Le L.reuteri confère un haut niveau de résistance à l'agent pathogène de Salmonella typhimurium, ayant réduit de moitié les taux de mortalité chez la souris[29]. La même chose est vraie pour les poulets[30] et les dindes ; le L.reuteri modère de manière importante la mortalité causée par cet agent pathogène alimentaire dangereux. Le L.reuteri est également efficace pour empêcher les souches de E.coli néfastes de se répandre. Une étude réalisée chez des poulets a montré que le L.reuteri est plus puissant que l'antibiotique gentamicine à prévenir des décès liés à E.coli[31]. Les protozoaires parasites Cryptosporidium parvum provoquent de graves diarrhées liquides, qui peuvent devenir mortelles si le patient est immunodéprimé (comme chez les individus atteints du VIH). Le L.reuteri est connu pour diminuer les symptômes de Cryptosporidium parvum chez la souris[32] et les porcs. Étant donné qu'il n'existe pas de traitement direct contre le C. parvum (l'antibiotique paromomycine a un effet limité), le L.reuteri peut s'avérer utile pour protéger les patients souffrant de cette maladie. Certains effets protecteurs contre la levure Candida albicans ont été trouvés chez la souris, mais dans ce cas, le L.reuteri a un effet moindre que celui d'autres organismes probiotiques tels que Lactobacillus acidophilus et Lactobacillus casei.

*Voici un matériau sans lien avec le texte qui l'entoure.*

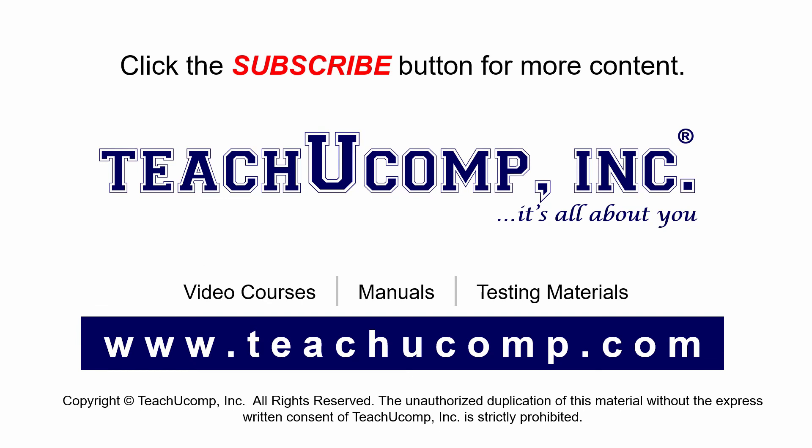Remember to click the Subscribe button to see more of our videos. Get ad-free courses at teachucomp.com.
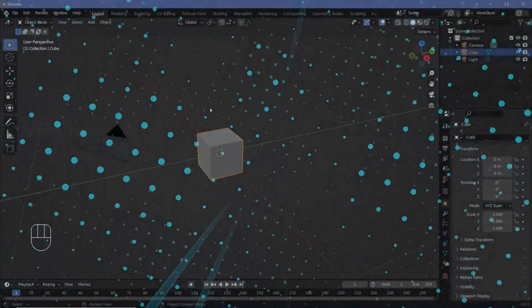In today's tutorial, we're going to be creating this particular sci-fi loop. We've created a very similar version using nothing but shader nodes. However, this time we're going to be using nothing but geometry nodes. So let's take a look at how you can create the same and customize it to your own preferences.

Le traitement des tissus du côlon des rats avec de l'acide acétique provoque une lésion similaire à la colite ulcéreuse chez les humains. Le traitement des tissus lésés avec du L.reuteri renverse tous les mauvais effets[33]. Cela induit que le L.reuteri peut être bénéfique pour le traitement des humains atteints d’une colite.En plus de son rôle dans la digestion, la paroi intestinale est également vitale pour prévenir la fuite des bactéries nocives, les endotoxines, etc., dans la circulation sanguine. Cette fuite, ou translocation de bactéries, est très dangereuse et peut conduire à des conditions mortelles telles que la septicémie. Chez l'homme, la translocation est plus susceptible de survenir à la suite des événements tels que des lésions hépatiques ou l'ingestion de certains poisons. Dans les études chez les rongeurs, il a été prouvé que le L.reuteri réduit considérablement le volume de la translocation bactérienne, soit après l'ablation chirurgicale du foie[34] ou l'injection de [D-galactosamine][35], un produit chimique qui provoque également des dommages au foie.Le méthotrexate, médicament anti-cancéreux peut être à l’origine d’une entérocolite sévère lorsqu’il est administré à fortes doses. Le L.reuteri atténue considérablement les symptômes de l'entérocolite induite par le méthotrexate chez les rats, des symptômes parmi lesquels est renférencée la translocation bactérienne[36].